The next few cells are just to show you how to configure pythons logging module to write to a logfile in the directory where we do the simulation. It is not necessary to run aimmd but it might be helpful to find out what went wrong if something does.

In [4]:
# setup logging
# executing this file sets the variable LOGCONFIG, which is a dictionary of logging presets 
%run ../resources/logconf.py

In [5]:
# have a look at the default logging level (the level used for the root logger)
print(LOGCONFIG["loggers"][""])
# have a look at the logger for aimmd
print(LOGCONFIG["loggers"]["aimmd"])
# and have a look at the log-level for the filehandler
print(LOGCONFIG["handlers"]["stdf"])
# the last two should both be `INFO`

{'level': 'WARN', 'handlers': ['stdf', 'warnout']}
{'level': 'INFO'}
{'class': 'logging.FileHandler', 'level': 'INFO', 'mode': 'w', 'filename': 'simulation.log', 'formatter': 'standardFormatter'}


In [6]:
# OPTIONAL: more logging to file
level = "INFO"
LOGCONFIG["handlers"]["stdf"]["level"] = level
LOGCONFIG["loggers"]["aimmd"]["level"] = level
LOGCONFIG["loggers"]["asyncmd"] = {"level": level}

In [7]:
# you can either modify single values or use it as is to get the same setup as in the OPS default logging config file
# you could e.g. do LOGCONF['handlers']['stdf']['filename'] = new_name to change the filename of the log
# the default is to create 'simulation.log' and 'initialization.log' in the current working directory
import logging.config
LOGCONFIG["handlers"]["stdf"]["filename"] = os.path.join(workdir, "simulation_pathsampling.log")
LOGCONFIG["handlers"]["initf"]["filename"] = os.path.join(workdir, "initlog_pathsampling.log")
logging.config.dictConfig(LOGCONFIG)

## Setup the TPS simulation

To setup the TPS we need the following:
 - Decide how many Markov chain samplers we want to run in parallel
 - Create a storage file to save our models, trainset and other simulation results
 - Define the metastable states to know when to stop the integration (and what defines a transition)
 - Define the underlying dynamics (through defining a gromacs engine with its options)
 - Load our initial transitions, here we will use the three transitions that are part of the repository.
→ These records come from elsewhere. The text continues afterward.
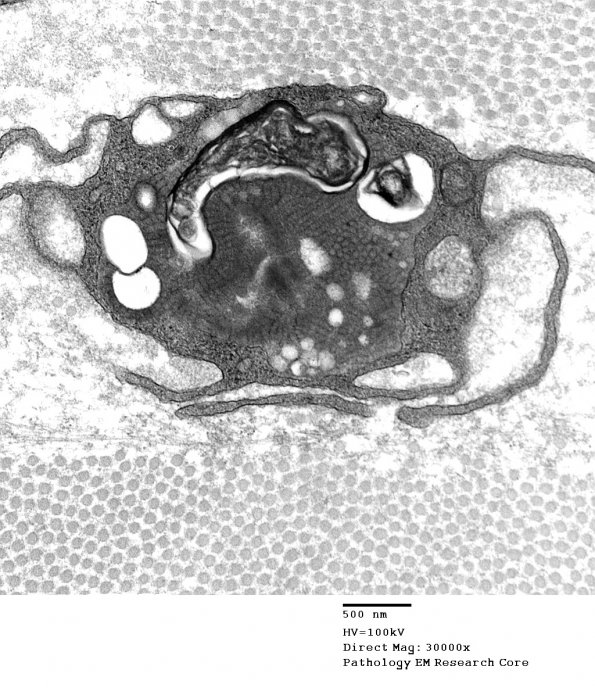 2E2 MLD (Case 2)_015A - Copy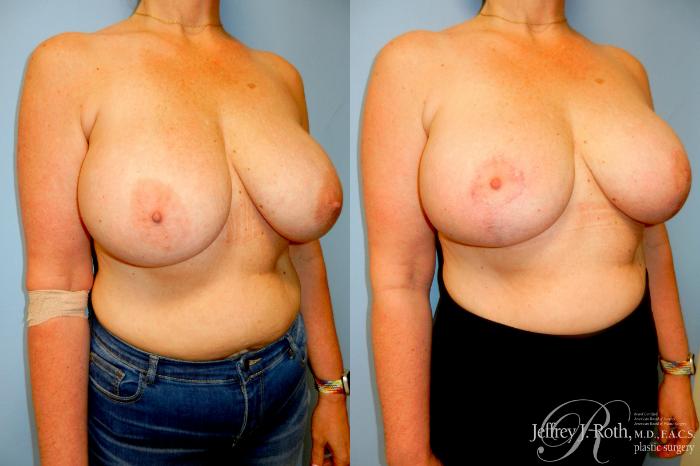 Before & After Breast Augmentation Revision Case 301 Right Oblique View in Las Vegas and Henderson, NV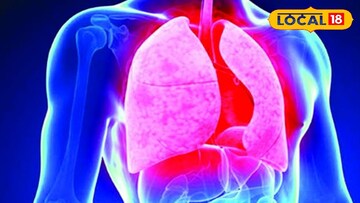 মুর্শিদাবাদের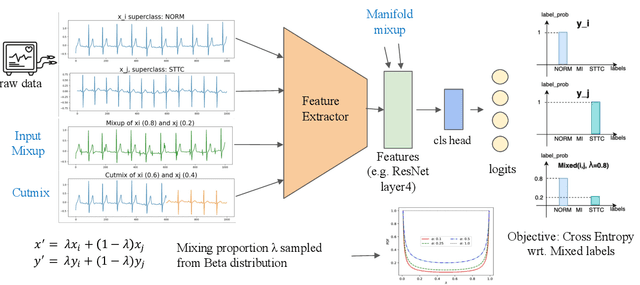Figure 1 for Empirical Study of Mix-based Data Augmentation Methods in Physiological Time Series Data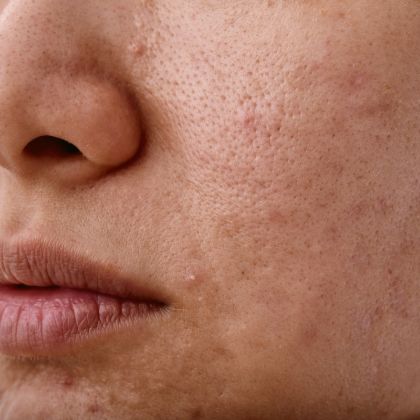 uneven skin pigmentation
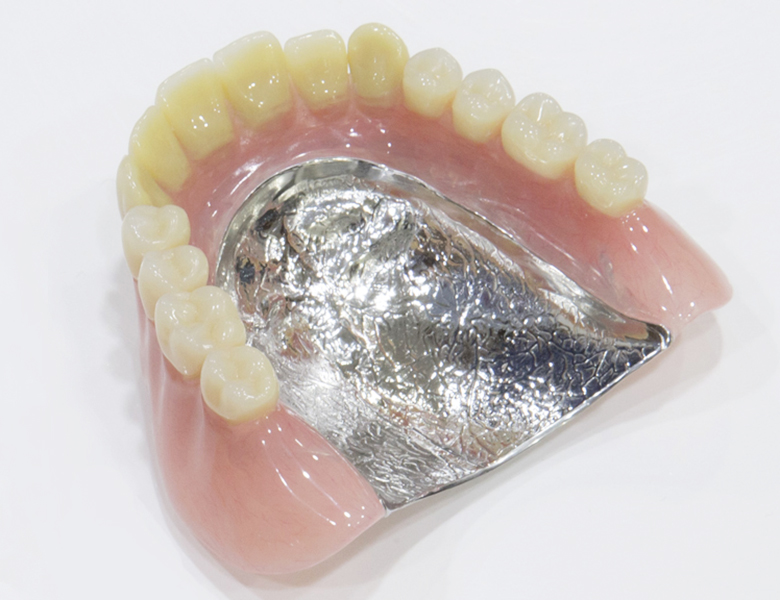 五反田の歯医者、ツツミ歯科クリニックの入れ歯治療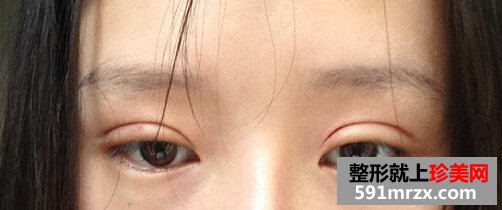 双眼皮术后4个月恢复不错了 分享给大家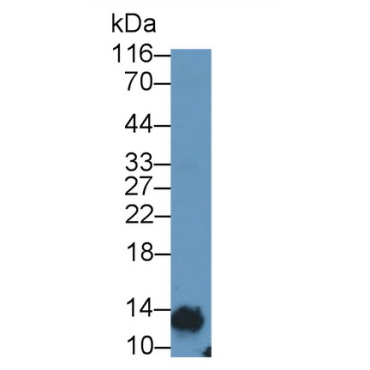 Glycated Hemoglobin A1c (HbA1c) Human Monoclonal Antibody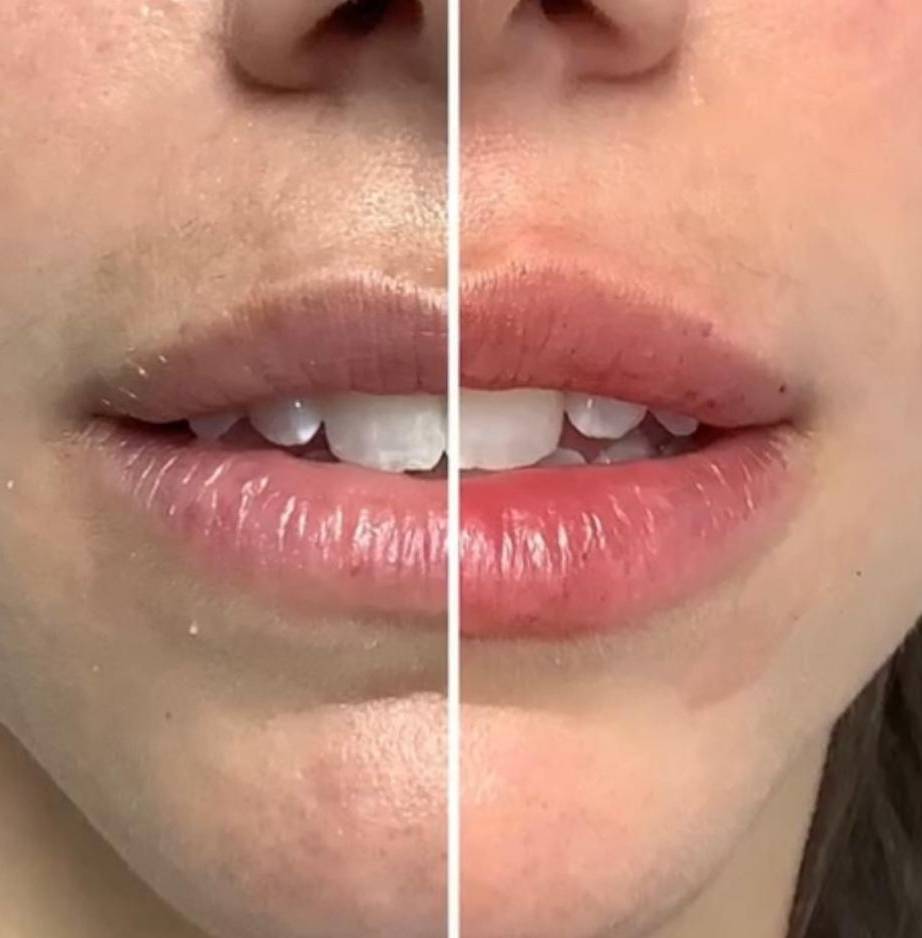 Injectables For Lips | Filler | Case 2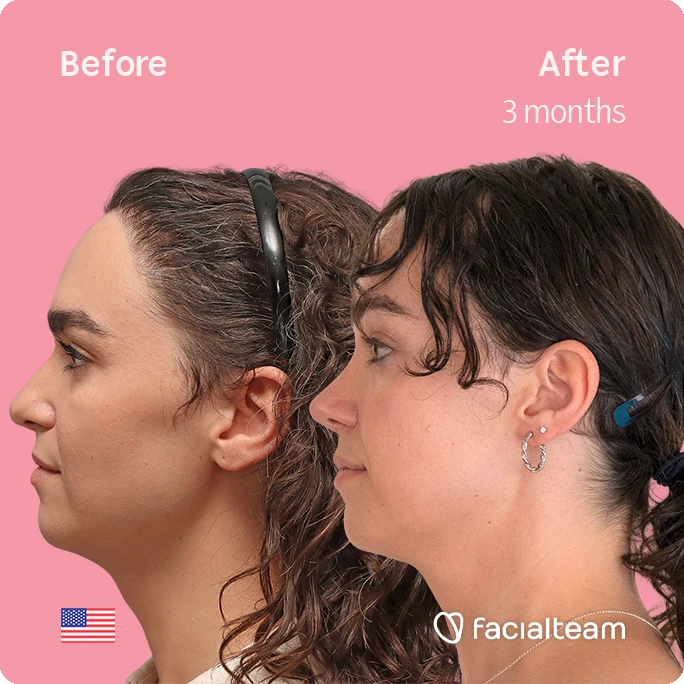 Side-by-side before-and-after headshots showing a 3-month facial transformation on a pink background with the Facialteam logo in the corner.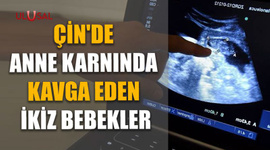 Çin'de anne karnında kavga eden ikiz bebekler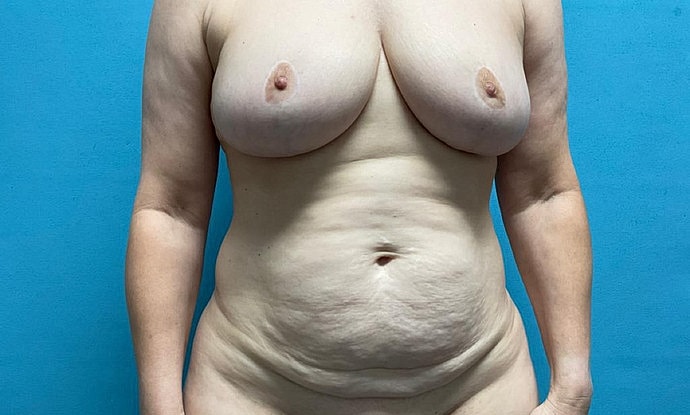Tummy Tuck Before & After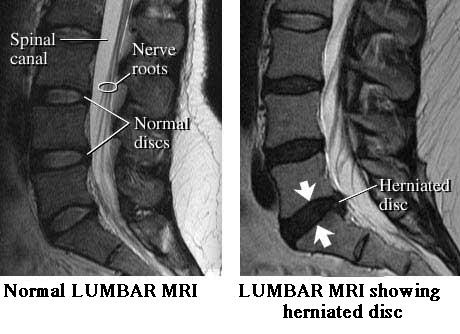 mri lumbar disc spine herniated scan normal bulging pain lower discs pathology health imaging lumber nerves medical spinal herniation side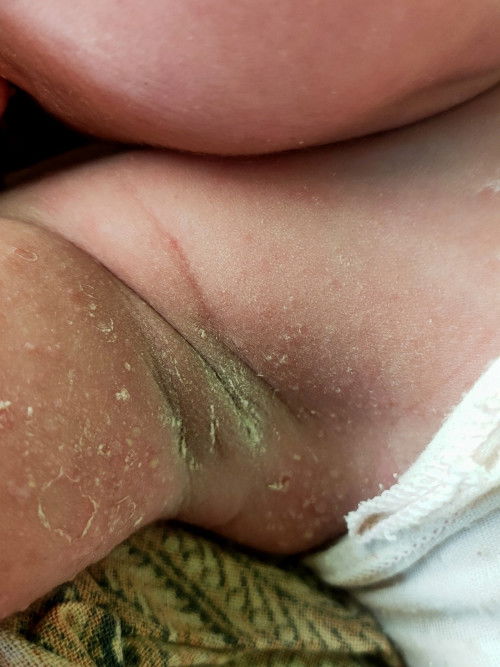 Ruam pada kulit bayi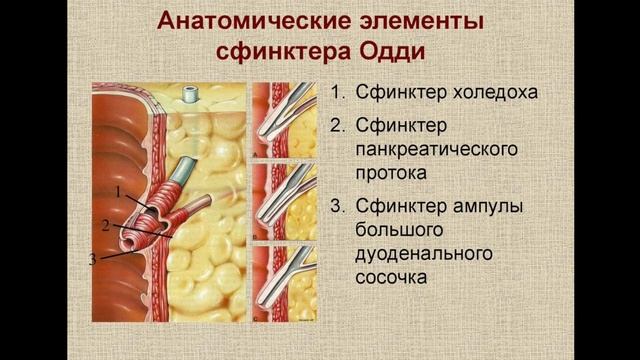Удаление камней из желчных протоков. ЭРХПГ.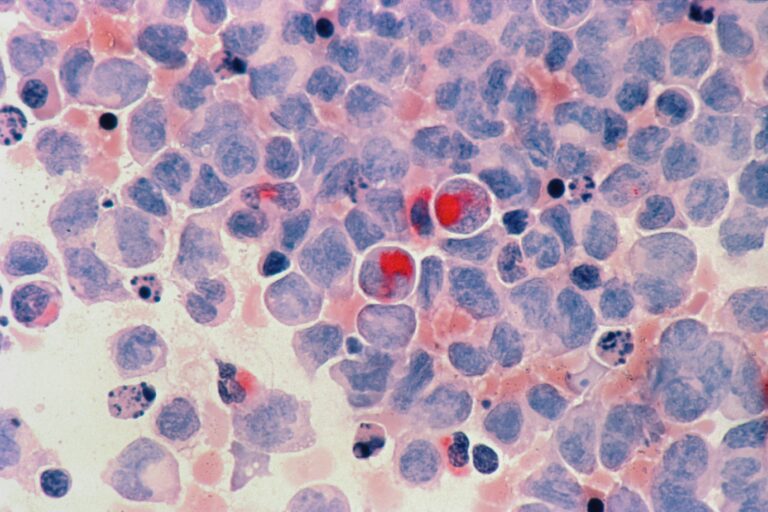 cancro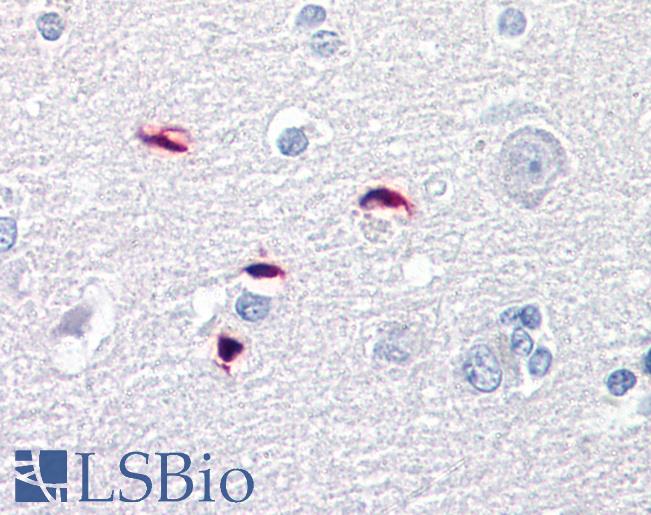 GLI / GLI1 Antibody - Anti-GLI1 antibody IHC of human brain, cortex. Immunohistochemistry of formalin-fixed, paraffin-embedded tissue after heat-induced antigen retrieval. Antibody concentration 5 ug/ml.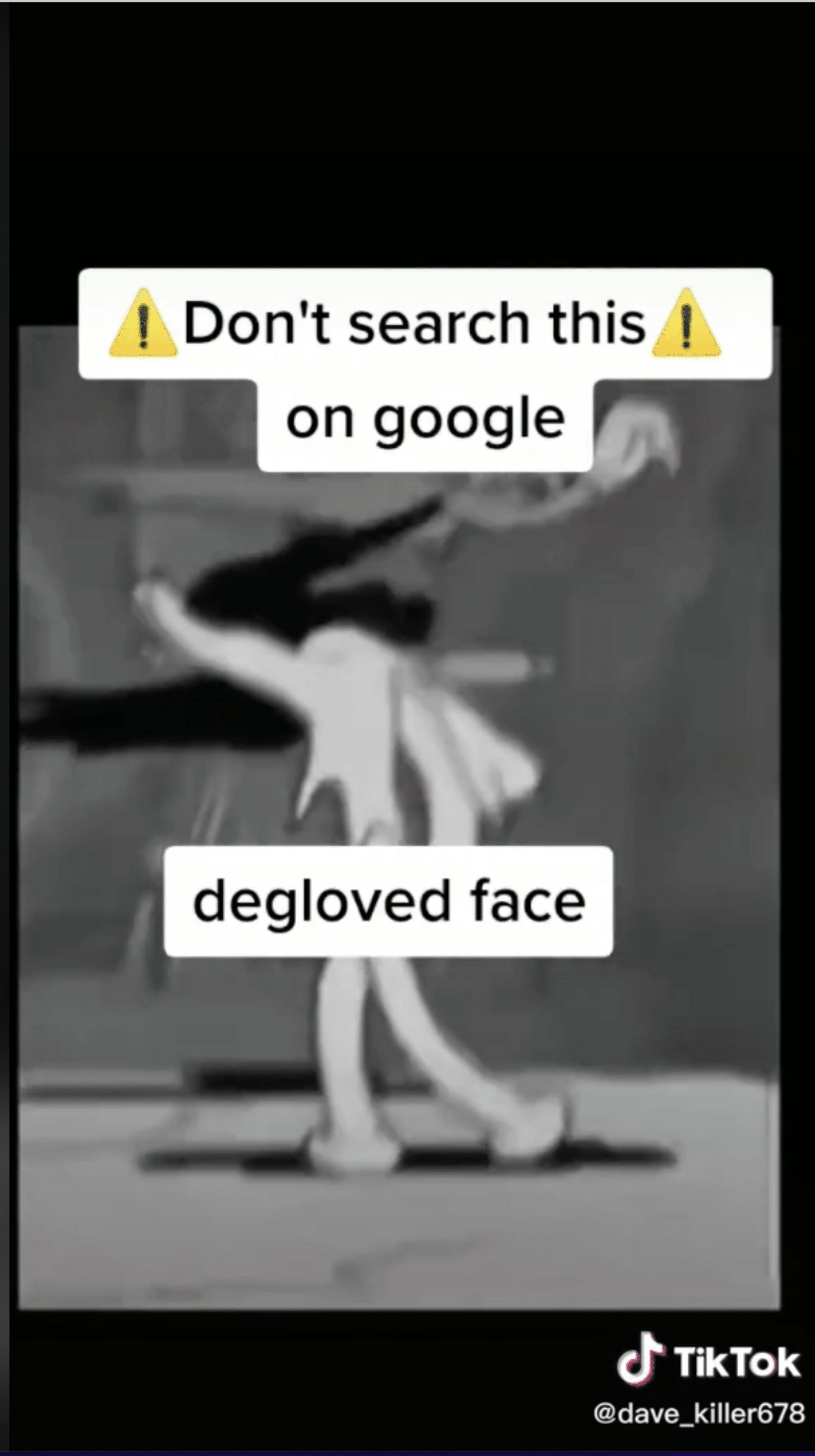 Social media users warn the netizens not to search for degloved face videos and images as some have found them to be super traumatizing. (Image via TikTok)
Generating initial transitions can be facilitated in a multitude of ways (high temperature/pressure/etc, pulling, steered MD, ...) and can/should take into account previous knowledge of the system. For an example on how to generate initial transitions if you have access (or can generate) configurations close to a putative transition state see the CommittorSimulation notebook.
 - Define the reaction coordinate model and the space it is learning in by choosing the `descriptor_transform` (which transforms from configurations to descriptor space)
 - Define the sampling scheme, i.e. how we generate new trials (here we will use two way shooting moves with random velocities).
 - Create a trainset into which we will add the simulation results (shooting outcomes).
 - Define the `Task`s to run after a specified number of trials. These are used to e.g. train the reaction coordinate model or save the trainset, model and brain at specified intervals. They are similar to the openpathsampling concept of hooks.
 - Set the initial transitions for each Markov chain sampler

### Number of Markov chains

In [8]:
n_samplers = 5  # results in 2*n_samplers gmx engines

### Create storage file

In [9]:
storage = aimmd.Storage(os.path.join(workdir, "storage.h5"))

### State definition

`alpha_R` and `C7_eq` are python functions (using MDAnalysis) to claculate for each frame of a trajctory if it belongs to the respective state or not (returning an array of `True` and `False` values). We wrapp them using `asyncmd`s TrajectoryFunctionWrapper to make them awaitable and run in parallel where possible (e.g. when the code releases the GIL or when you use the SlurmTrajectoryFunctionWrapper to submit the calculation via SLURM).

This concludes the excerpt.